*PROBLEM DETAILS*
Nothing but the lines below from the one with "Galletas de mantequilla sin huevo" through the one with "Seraphine Forbidden Love" should be output, each exactly as given, and no pictures.

(Short descriptive text snippets)

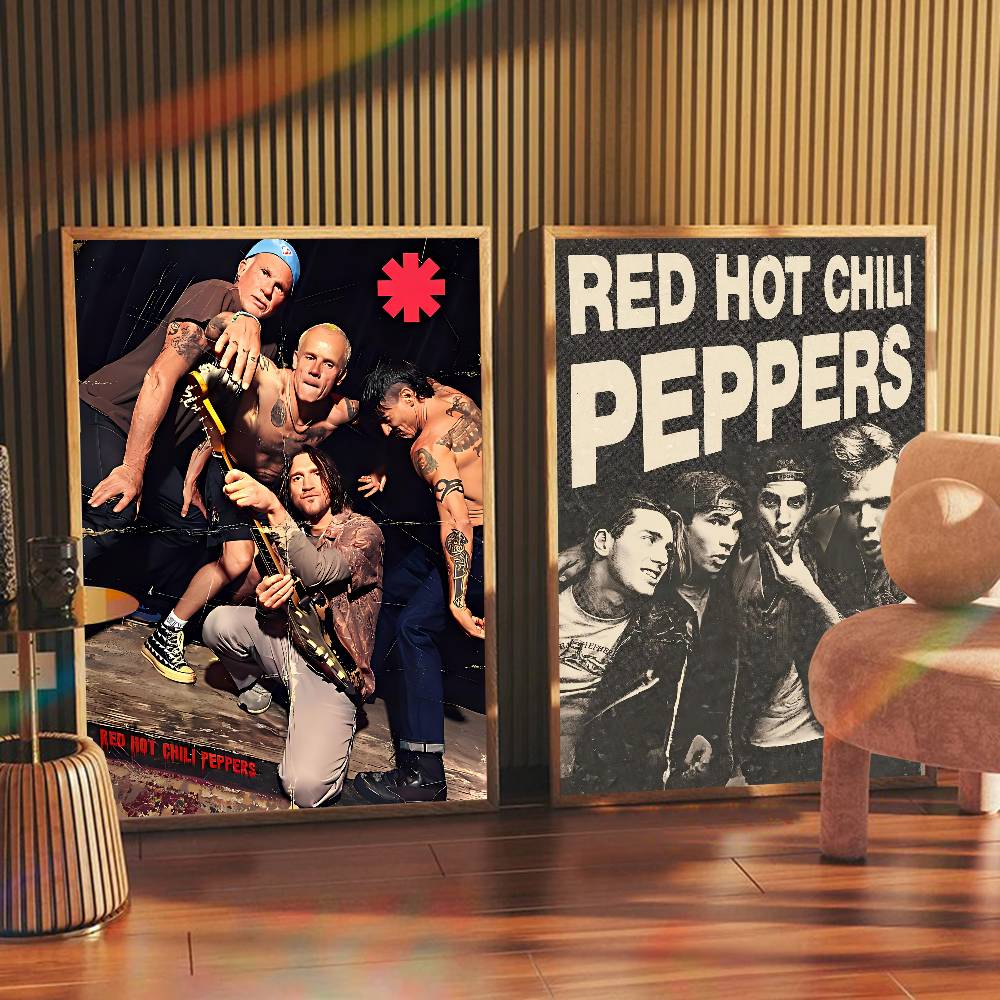 Popular Rock Band Red Hot Chil - Musical Instrument Poster のレビューと価格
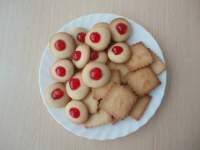   Galletas de mantequilla sin huevo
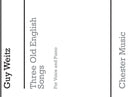 Three Old English Songs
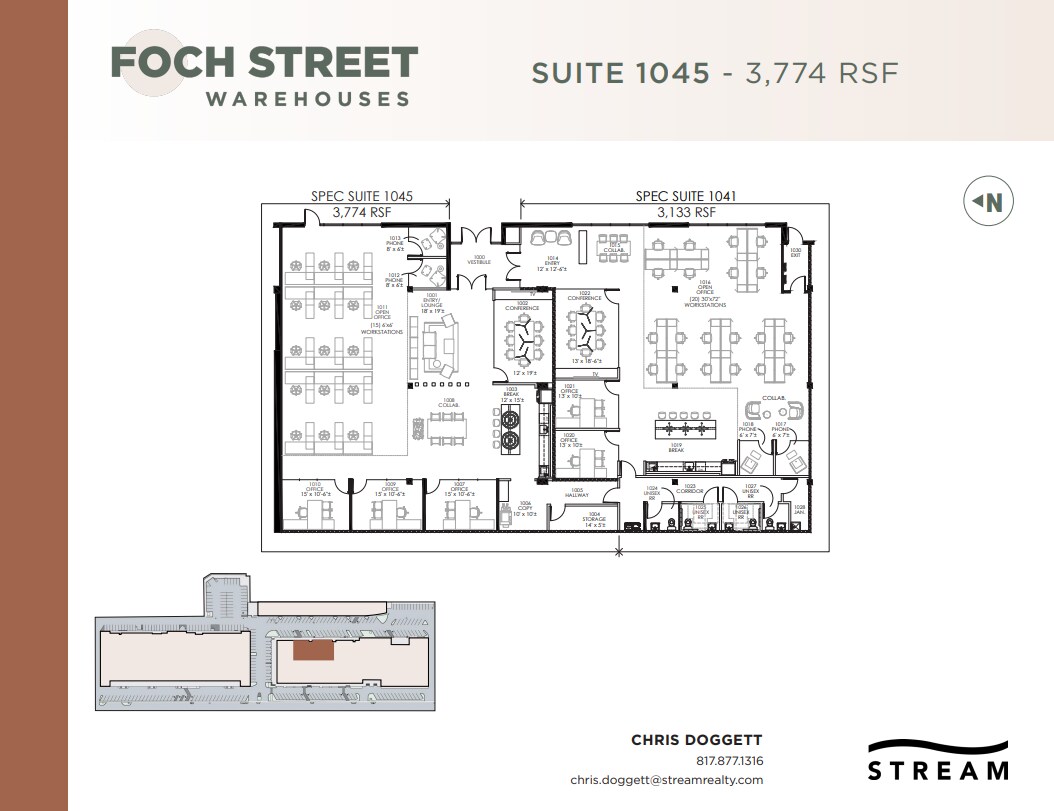 821-1075 Foch St, Fort Worth, TX à louer Plan d’étage– Image 1 sur 1
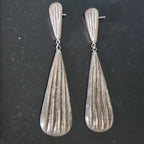 60s Silver Vintage  Dangle Earrings Native Old Pawn. # JE 593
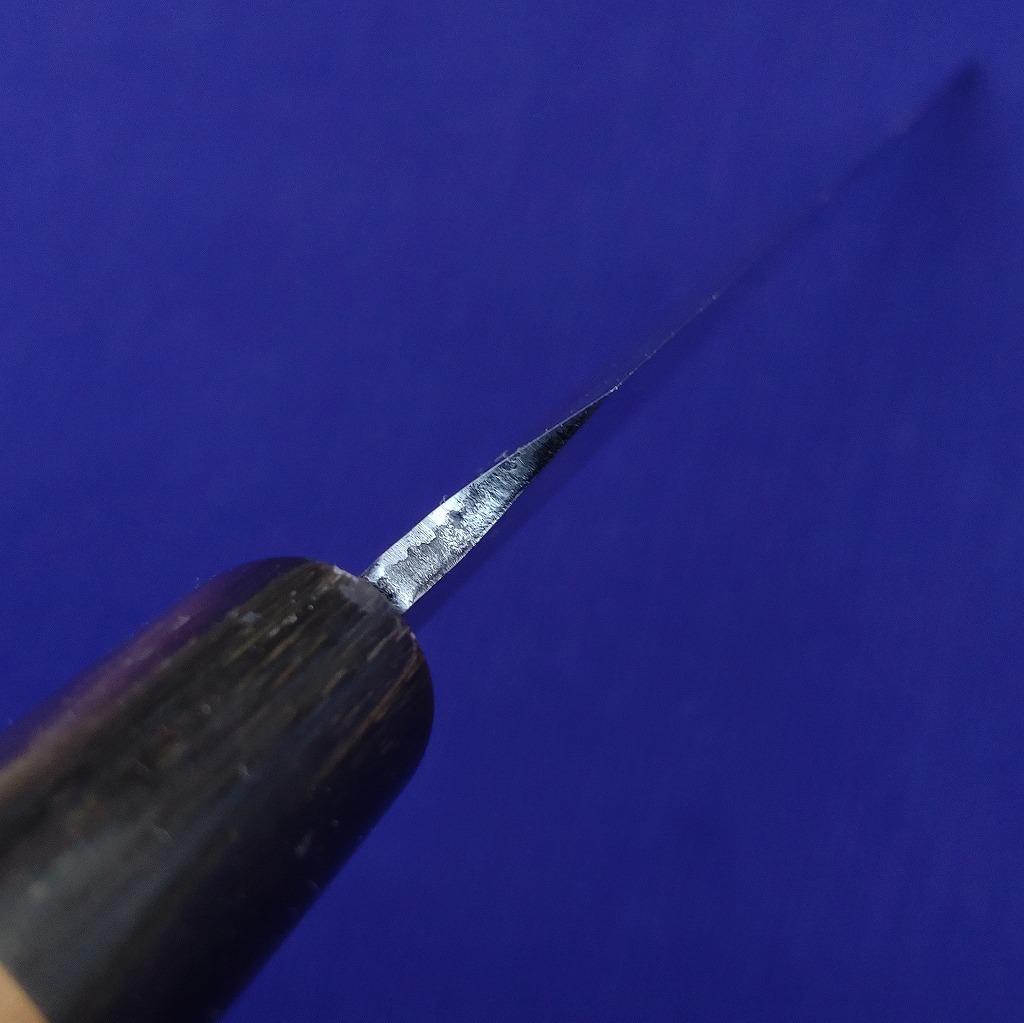 有次 特製 刺身包丁 刃長約203㎜ 片刃 柳刃包丁 正夫 庖丁 《0024》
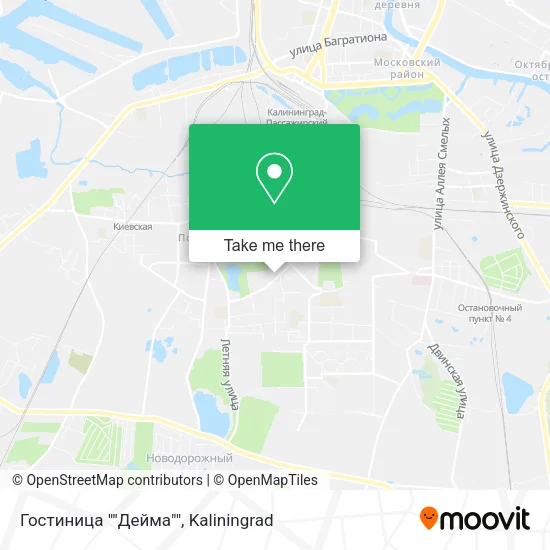 Гостиница ""Дейма"" map
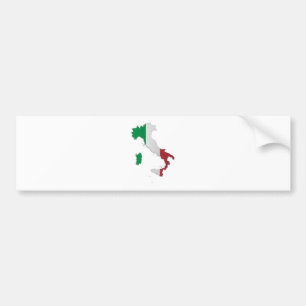 Italienflaggakarta Bildekal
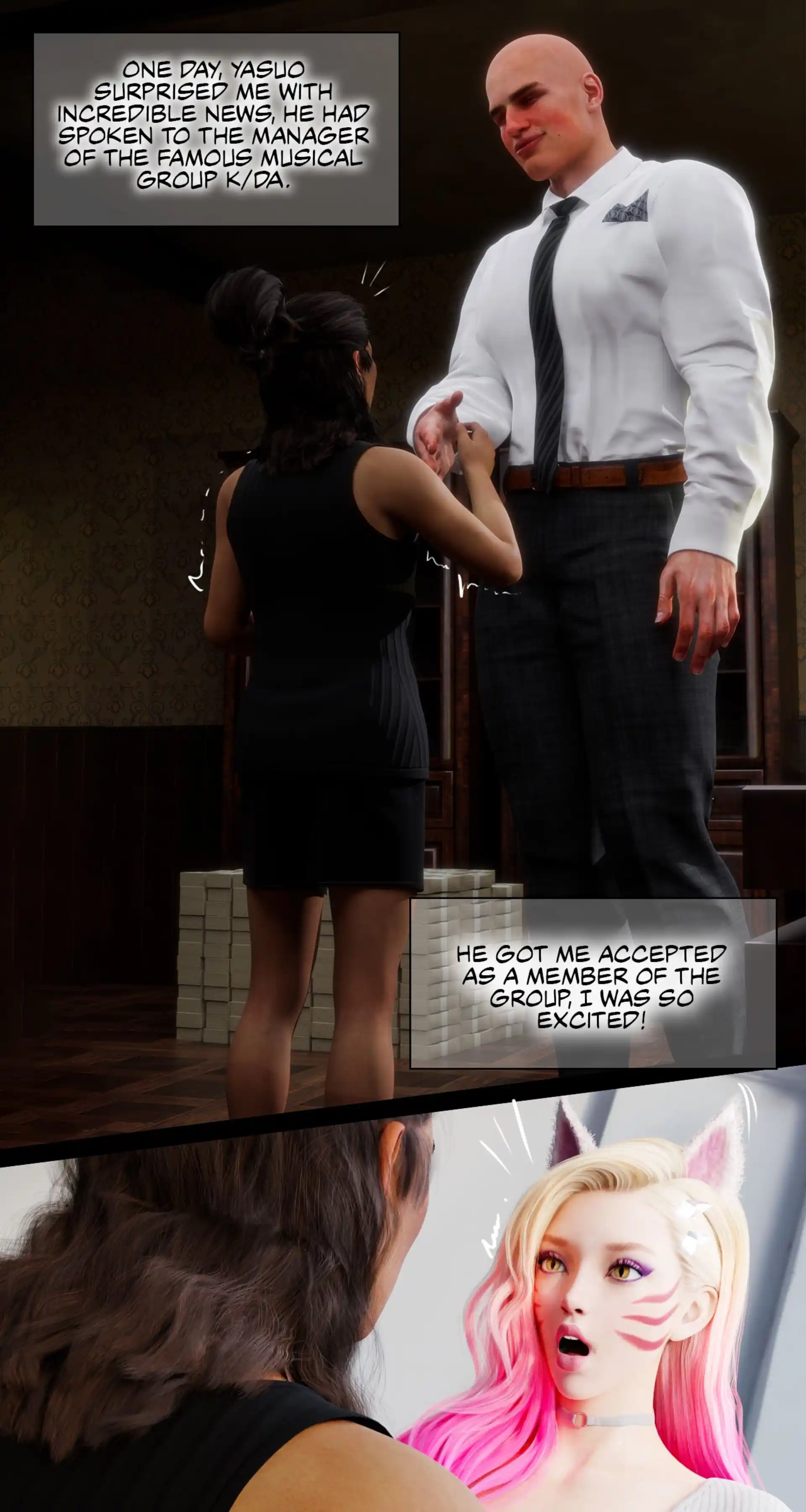 Seraphine Forbidden Love Ahri Power Of Love - Chapter 3 page 4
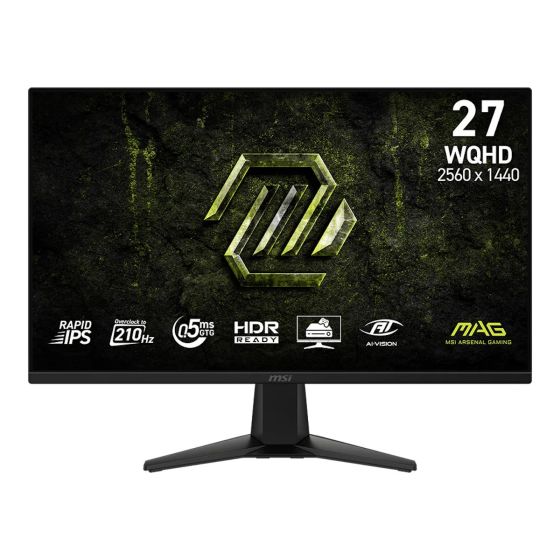 MSI MAG 275QF E21 27" 2K 210Hz Rapid IPS 電競顯示器(MO-MA27QE2+CE-ACPC+LB-MON) MO-MA27QE2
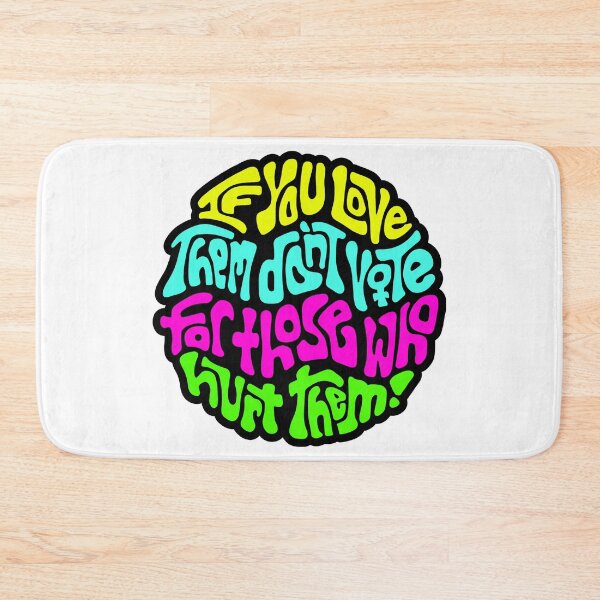 Item preview, If You Love Them Neon Word Art designed and sold by Unhinged Heather.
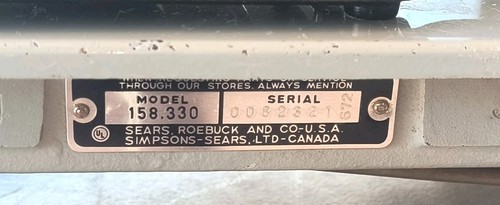 Vintage Sears Kenmore Sewing Machine Model 2142 w/ Pedal Tested! - Picture 4 of 19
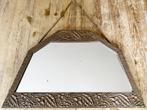 Antieke wandspiegel, laat Jugendstil/vroeg Art Deco, Huis en Inrichting, Woonaccessoires | Spiegels, Ophalen, Gebruikt, Minder dan 100 cm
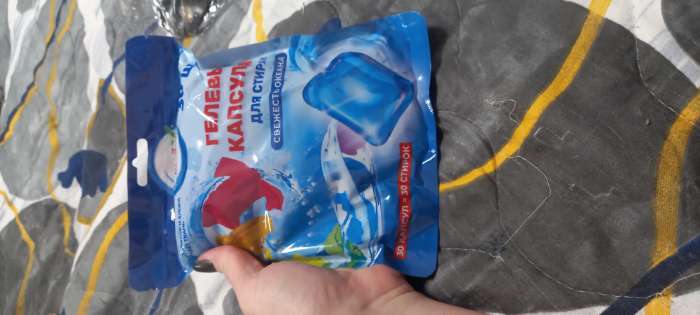 Фотография покупателя товара Капсулы для стирки односоставные Мой Выбор «Свежесть океана» 10 шт. по 8 г дойпак - Фото 1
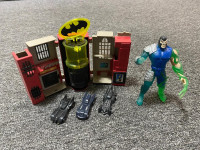 BATMAN MICROVERSE GOTHAM CITY PLAYSET BANE FIGURE CLOCK DC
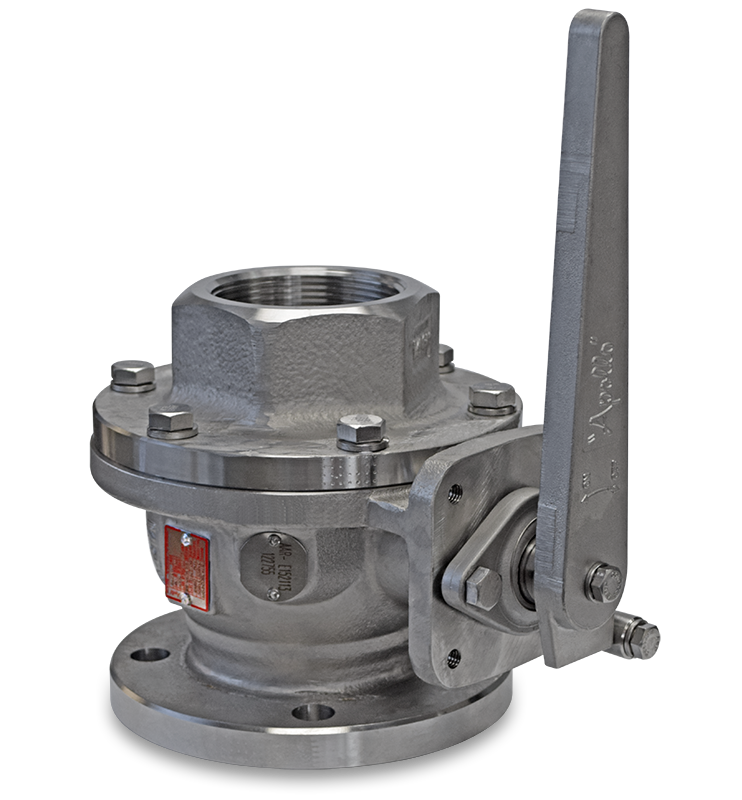Ball Valve 3-inch Flange x NPT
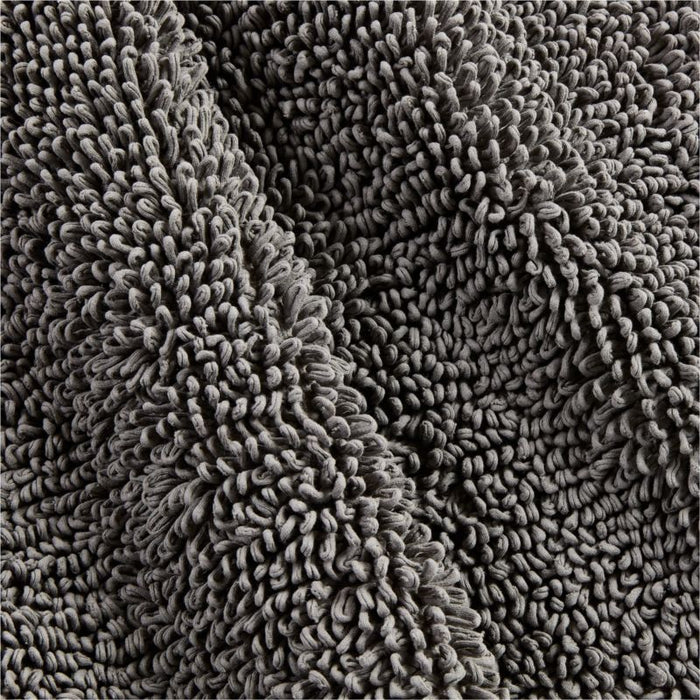 Loop Organic Cotton Graphite Grey Bath Mat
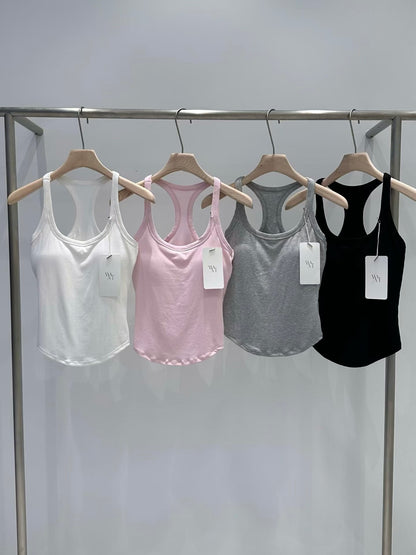 MS60715 Casual tank top with pad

*OUTPUT FOR THIS EXERCISE*
   Galletas de mantequilla sin huevo
 Three Old English Songs
 821-1075 Foch St, Fort Worth, TX à louer Plan d’étage– Image 1 sur 1
 60s Silver Vintage  Dangle Earrings Native Old Pawn. # JE 593
 有次 特製 刺身包丁 刃長約203㎜ 片刃 柳刃包丁 正夫 庖丁 《0024》
 Гостиница ""Дейма"" map
 Italienflaggakarta Bildekal
 Seraphine Forbidden Love Ahri Power Of Love - Chapter 3 page 4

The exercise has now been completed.